No total, a estimativa dos parceiros é que a área plantada com sorgo grão, que na safra anterior ficou em 1,5 milhão de hectares, supere os 2 milhões na safra 2024/2025, chegando talvez até a 2,2 milhões de hectares, um crescimento superior a 40%.
Quando olha para o potencial da joint venture, Sawa avalia poder bater esse índice. “Achamos que podemos bater 60% de crescimento nesse mercado”, disse.
O avanço na pecuária
Isso não inclui, entretanto, a outra frente imensa que a joint venture pretende dominar: o uso do sorgo forrageiro consorciado com pastagens na pecuária.
Para se posicionar definitivamente nesse mercado, as duas empresas prometem lançar em outubro próximo um novo sistema de produção baseado na utilização combinada das duas culturas, que foi alvo de testes nos últimos quatro anos e teve seus resultados apresentados recentemente no Congresso Brasileiro de Milho e Sorgo.
Desenvolvido pela Latina Seeds em parceria com a Embrapa Pecuária Oeste, com sede em Dourados (MS), o chamado Sistema Diamantino passou por validações técnicas, econômicas e científicas e mostrou-se eficiente na produção de silagem para o gado e também como modelo de recuperação de solos degradados.
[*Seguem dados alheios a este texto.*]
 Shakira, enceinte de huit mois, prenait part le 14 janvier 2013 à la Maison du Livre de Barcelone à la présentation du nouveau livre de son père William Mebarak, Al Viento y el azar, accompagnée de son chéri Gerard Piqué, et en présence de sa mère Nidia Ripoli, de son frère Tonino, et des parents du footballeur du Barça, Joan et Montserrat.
“Com esse modelo, o pecuarista consegue fazer uma reforma no pasto consorciada de capim com sorgo. Ele colhe aquilo ali, guarda aquela comida e a forrageira está estabelecida na área. O investimento se paga. É como se fosse uma reforma a custo zero”, afirmou Sawa.
Com o carimbo da Embrapa e os dados que apontam sucesso na recuperação de solos, as duas empresas vislumbram tornarem o Sistema Diamantino como uma alternativa atraente dentro do Programa Nacional de Conversão de Pastagens, o ambicioso plano do governo brasileiro para, através da recuperação de solos degradados, ampliar a área produtiva sem a necessidade de novos desmatamentos no País.
“Ele se enquadra como uma das melhores soluções para o plano de conversão daqueles 40 milhões de hectares”, afirmou Lemos. “A gente precisa trazer inovação para o nosso negócio e o sorgo forrageiro traz algo diferente”.
Nesse novo mercado, as duas empresas avaliam ser possível obter, no primeiro ano de operação, cerca de 5% do mercado de sementes forrageiras.
Pelo protocolo a ser anunciado, só serão considerados como integrantes do Sistema Diamantino os produtores que adquirirem as sementes produzidas pela Latina e comercializadas pela Santa Fé.
“A gente tem que se preparar, operacionalmente, para suportar esse mercado crescente, que vai absorver o nosso material, que é diferenciado”, concluiu Sawa.